Lorsque l’abbé Vuarin devient curé, la communauté catholique genevoise est fragile et numériquement réduite : quelques centaines de fidèles tout au plus. À sa mort, en 1843, Genève compte environ 10 000 catholiques, soit une croissance remarquable dans une ville en pleine transformation démographique et politique.
Cette progression doit beaucoup à son action : accueil des populations migrantes, présence pastorale régulière, organisation solide de la paroisse, défense obstinée de la liberté de culte. Il jette aussi les bases d’un renouveau architectural et spirituel qui mènera plus tard à des projets majeurs, comme l’édification de la future basilique Notre-Dame.
Un homme de conviction dans la cité de Calvin
Les témoignages de l’époque décrivent le curé Vuarin comme un homme énergique, parfois inflexible, profondément convaincu de sa mission. Dans une Genève encore très protestante, il doit faire preuve de diplomatie mais aussi d’une grande fermeté. Il n’hésite jamais à défendre publiquement les intérêts de sa communauté, même lorsque cela l’expose à la critique ou aux tensions.
Son style pastoral est marqué par un sens aigu du devoir religieux, une attention aux besoins sociaux des fidèles les plus modestes, une détermination à ancrer le catholicisme dans l’espace public genevois et un attachement à la liberté religieuse, encore fragile au début du XIXᵉ siècle.
Dernières années et héritage
Jean-François Vuarin meurt à Genève le 6 septembre 1843. Ses funérailles rassemblent un nombre considérable de fidèles, signe de l’importance acquise par la communauté catholique au cours de son long ministère.
Son héritage est multiple. Il est l’un des architectes principaux du renouveau catholique genevois. Il a préparé le terrain pour les grandes constructions religieuses du XIXᵉ siècle. Il a contribué à faire reconnaître les catholiques comme citoyens à part entière dans un canton où leur présence avait été marginalisée pendant plus de deux siècles. Il laisse une abondante correspondance et de nombreux écrits administratifs, précieuse source pour comprendre la période.

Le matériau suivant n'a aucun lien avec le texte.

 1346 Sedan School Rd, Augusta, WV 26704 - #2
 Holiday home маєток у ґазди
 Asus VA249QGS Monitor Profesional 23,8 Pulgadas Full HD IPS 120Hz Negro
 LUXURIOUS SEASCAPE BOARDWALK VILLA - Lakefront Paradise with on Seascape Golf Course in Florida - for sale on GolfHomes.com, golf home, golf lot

Dans l’histoire locale, il apparaît aujourd’hui comme l’un des grands bâtisseurs de l’Église catholique à Genève, une figure charnière entre la période de tolérance précaire et la période d’institutionnalisation solide du catholicisme dans le canton.

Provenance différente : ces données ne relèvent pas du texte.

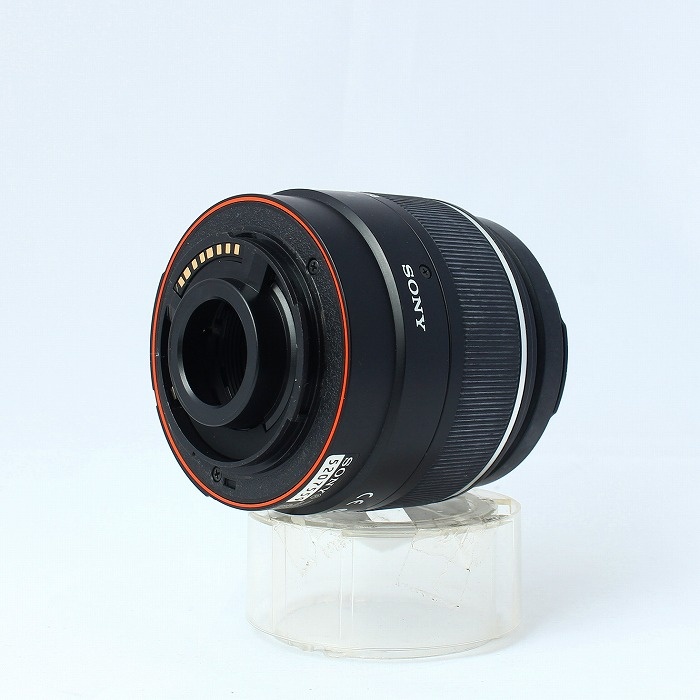 ソニー DT18-55/F3.5-5.6 SAM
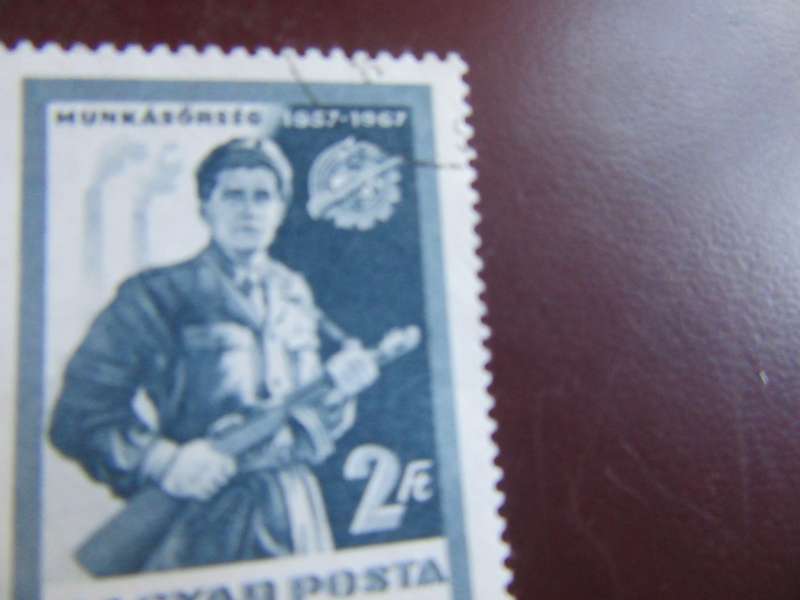 CZECHOSLOVAKIA -8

Jean-François Vuarin fut bien plus qu’un simple curé : il fut un stratège politique, un administrateur rigoureux, un pasteur infatigable et un défenseur passionné des droits de sa communauté. Par son action, il transforma profondément le paysage religieux genevois et permit au catholicisme de retrouver une visibilité durable dans une ville marquée par l’héritage calviniste. Son nom reste associé à l’une des périodes les plus essentielles de l’histoire religieuse moderne de Genève.